The Centers for Disease Control and Prevention shares that throughout the pandemic, working adults have elevated levels of substance abuse, suicidal ideation and other adverse mental health conditions, such as anxiety and depression. The CDC pointed to several groups, including essential workers, who reported higher instances of mental and behavioral issues than the overall population.

These issues can lead to employee burnout and fatigue, which directly — and often adversely — impact the workplace. The Occupational Safety and Health Administration noted, “fatigue can cause weariness, sleepiness, irritability, reduced alertness, impaired decision making, and lack of motivation, concentration and memory.” Each of these effects can lead to an increase in poor job performance, such as general carelessness on the job, decreased productivity and, most importantly, workplace injuries and accidents.

The problem

What’s behind the increase in employee burnout and fatigue? There are a variety of reasons, but the biggest issue clearly is the stresses from the pandemic.
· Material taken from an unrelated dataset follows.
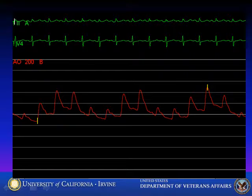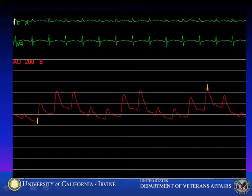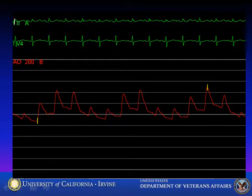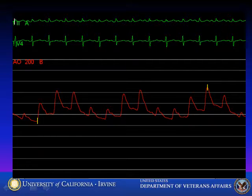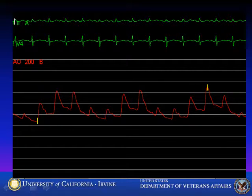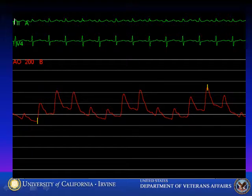The arterial pressure in the intensive care unit is shown here; the scale is 200. You can see the marked respiratory variation and the exaggerated drop in systolic pressure during inspiration of 30 to 35 millimeters of mercury. This is a typical example of pulsus paradoxus, which is relieved after tamponade is cured.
Employees in Michigan and other states were on lockdown for long periods of time. After a while, that isolation can really take a toll on individuals.

The pandemic also required working parents to balance the needs of their school-age children with the challenges of working from home. These circumstances, combined with continued social unrest that has dominated media headlines over the past year, can consume an employee’s thoughts.

Additionally, the labor force is stretched thin, which makes it challenging if not impossible to maintain normal business operations. This means some employees may have had to endure even more changes to their everyday job expectations. These unparalleled changes and continued uncertainty are fueling employees’ collective burnout and fatigue.

Employer solutions

What’s an employer to do? There are four things that can have an immediate and positive counterbalance to fatigue and burnout:

  • Reassurance: It’s critical for employers to set a positive tone and create a supportive workplace culture. Whether the issues are related to or beyond the pandemic, establishing a positive workplace culture requires a top-down approach. Management should let their teams know how much they value and appreciate their contributions. 
  • Resources: If employers have an employee assistance program, be sure to remind and promote its availability to team members, especially those who are in safety-sensitive positions.
  • Consistency: Now’s not the time to let up on workplace safety and health protocols. Employees who have historically followed these protocols may think less of them today, but it’s important to maintain a workplace free from recognized hazards. An employer’s failure to do so could result in a violation of the Occupational Safety and Health Act. The act, and its state counterparts, requires employers to provide a place of employment free from recognized hazards that can cause or are likely to cause death or serious physical harm.
  • Cross-training: In light of continued shortages, consider cross-training employees for different jobs so you can better distribute workloads. High performers tend to take on more responsibilities — and are at greater risk for burnout. To the extent employers can increase flexibility across their teams, workloads ease and stress is reduced.